The F-16 was designed as a A2A fighter, and the bells and whistles added for A2G role ate away flight performance required for the A2A role.
But that doesn't take away the fact that even an F-16 Block 60 and the F/A-18E/F, one level more advanced than even the F-16 Block52 that is the IAF's primary threat, doesn't meet the IAF's specs for performance. But had there not been a Rafale/Typhoon on offer, the IAF would've jumped at the offer of inducting them.
It is mature and hasn't proven to be troublesome.
Then why can’t the FCS correct the uncommanded pitch created by the original airbrakes.
Because it requires work to be done on that. Why don't you go and read on the Typhoon's transonic pitch up issue and how it was resolved. It was no easy task. Your implication that had we gone for a mature Mirage-2000 derived FBW on the Tejas, this wouldn't have happened is simply not true. This issue would've had to be tackled by whichever FBW technology was used, be it quadruplex redundant or triplex redundant with analog backup as on the Mirage-2000.
but that isn't the reason that the IAF is keeping Tejas Mk1 orders to 40
Agreed, from what I have been told, the IAF considers the pitch effect a nuisance but definitely not a showstopper. It has no effect on the induction plans.
Told by whom? Are you in the know of the IAF's issues with the Tejas? Maybe you could tell us what else is keeping the IAF from ordering more Tejas' to replace the huge numbers of MiG-21s.
As for this issue, yes its not a show stopper, since as long as the pilot can bring the aircraft back to its original state, after any uncommanded motion, the issue is not going to be a show stopper. As put in the US Military Standard for piloted airplanes,
MIL-STD-1797A4 states: “The aircraft shall be…resistant to departure from controlled flight, post-stall gyrations and spins. Adequate warning of approach to departure shall be provided. The aircraft shall exhibit no uncommanded motion which cannot be arrested promptly by simple application of pilot control.”
In every other aspect, the Tejas' flying qualities are very highly rated by the IAF's test pilots who've flown it. When an IAF TP calls it as "comparable to amongst the best in the world in so far as flight controls in concerned"
, then that does speak volumes for the FBW and the general design of the aircraft. As another TP, Grp Cpt George Thomas said about it
"Its handling qualities are such that the pilot workload is low and the pilot can focus on sensors, weapons and combat and as regards basic flying, the aircraft can almost fly itself".
After all, most of these TP guys will be well versed with the Cooper-Harper handling qualities scale
on which "excellent" rating 1 means that the handling characteristics are highly desirable and pilot compensation is not a factor for desired performance and "good" rating means that there are negligible deficiencies in the handling characteristics and pilot compensation is not a factor for desired performance.
What does the second statement even mean? What is a simpler design process?
Thank you for asking this question. It means assessing all the available means to achieve an end, and choosing the simplest and least riskiest means of achieving that end.
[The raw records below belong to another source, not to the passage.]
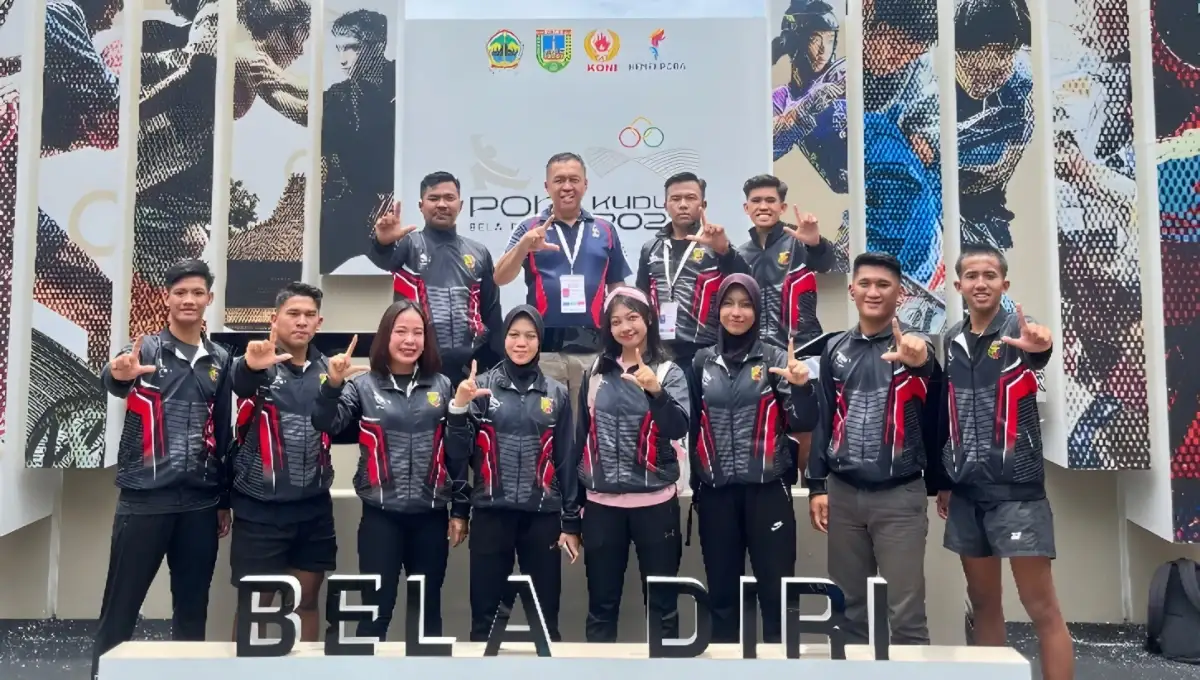 Karateka Lampung Bidik Emas di PON Beladiri 2025, 10 Atlet Siap Unjuk Gigi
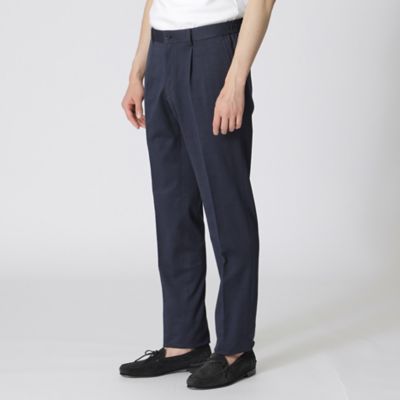 「ＳＴＵＡＲＴ’Ｓ　ＴＲＡＶＥＬＥＲ」　シャドウグレンチェックジャージーパンツ　（セットアップ対応）（Ｊ１Ｑ５４３８０＿＿）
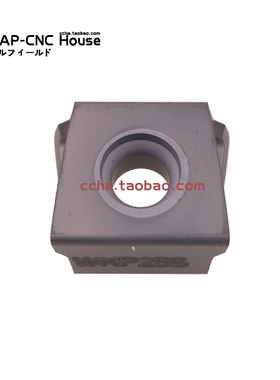 瓦尔特Waterl 数控铣刀片LNHU120608R-F55T WKP25S铸铁钢件R0.8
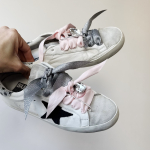Custom Silver&Pink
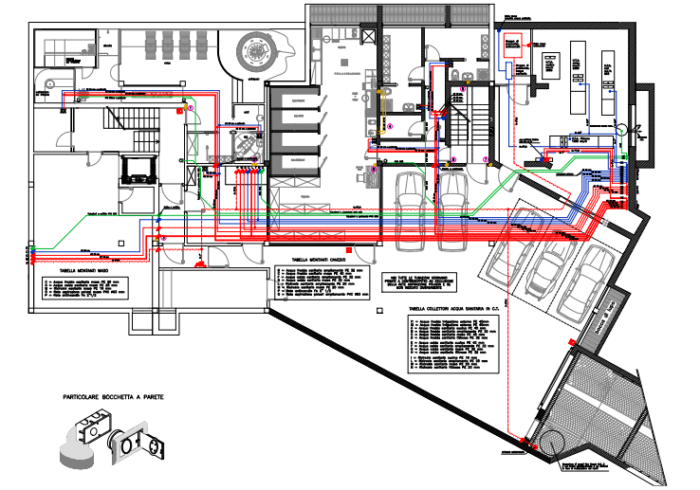 Giovo (TN) – Typical Alpine Farmhouse “Maso Franch” floorplan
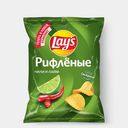 Чипсы Lay's Рифленые Чили Лайм 105г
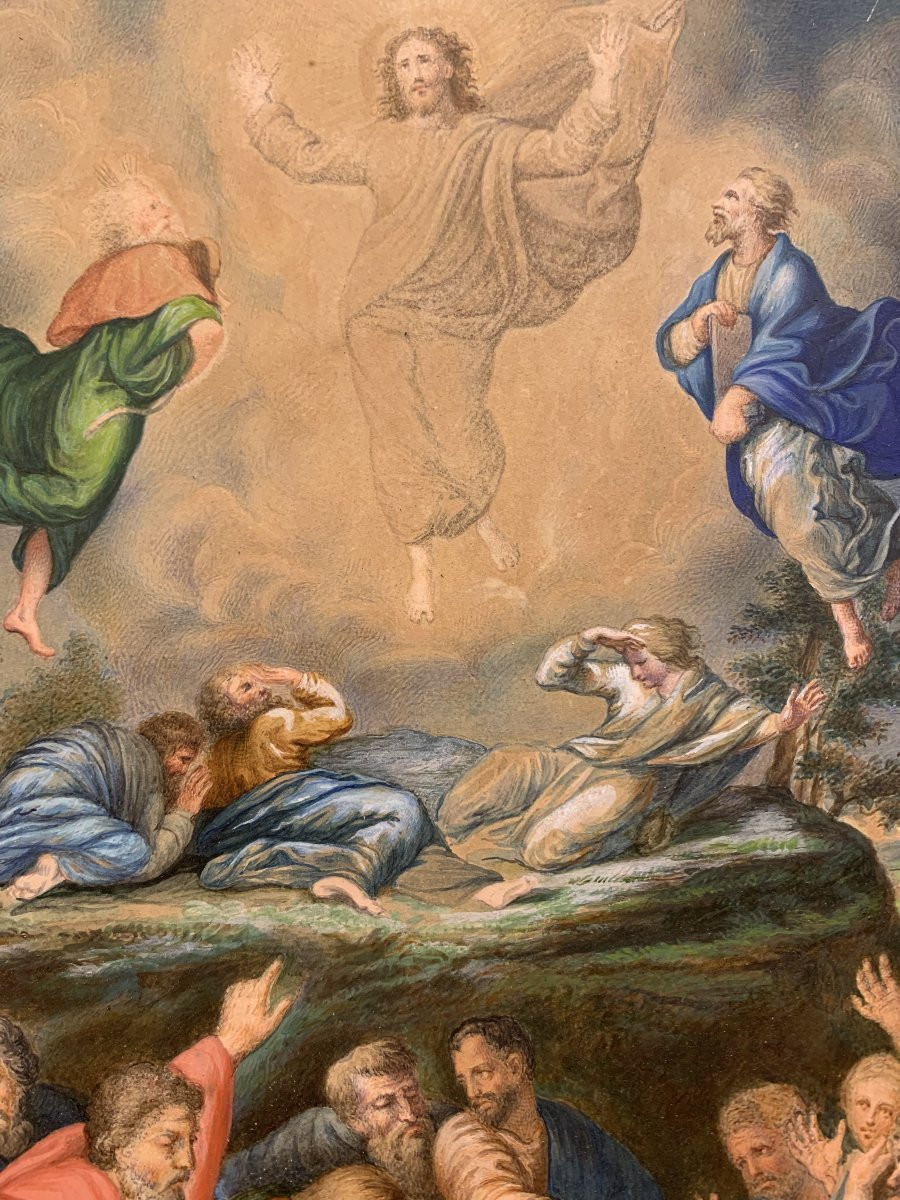 Bullier - Trasfigurazione di Cristo - Raffaello - Roma Francia Grand Tour Roma -photo-1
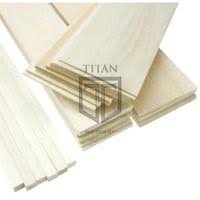 Thumbnail 4 Paket (3Lembar) Kayu Balsa sheet 1mm x 10cm x 100cm Balsa sheet kayu maket super ringan kualitas terbaik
Like having airbrakes closer to CoG than having it elsewhere and having FCS mitigate any side effects. FWIW, using MLG door is reverting back to simpler design philosophy. Now, I am sure that the designers would have had some valid reason for not doing so in the first time itself, like avionics in the dorsal or fuel tanks in the ventral or wings, however, a simpler approach would have given precedence to placement of airbrakes.
Thank you for at least accepting that there may have been other mitigating factors involved in the selection of the location for the airbrake. I'm not sure though that the airbrakes have precedence of placement over more important things like fuel tanks. Anyhow, on the Tejas Mk2, they have the opportunity to re-lay out some of the avionics and pipes and such a layout change may well be done for the airbrake.
Which BR member will volunteer his son or father or brother or husband to go to fight knowing fully well they cannot outturn the enemy in a sticky situation? I am sure your perspective of “IAF not supporting…” will do an Immelman turn when your own flesh and blood goes to a fight in a Mk1.
This is a stupid statement if there ever was one. The IAF is not going to induct Tejas Mk1s at a state below the FOC level. At which point, most niggling issues would've been licked and the platform itself would be capable of giving a sound whipping to any MiG-21 that it comes across. Yet, there are plenty of fathers, brothers and husbands who fly the MiG-21 today and are ready to go to war in it. The Mk1 will be far safer, far superior to it.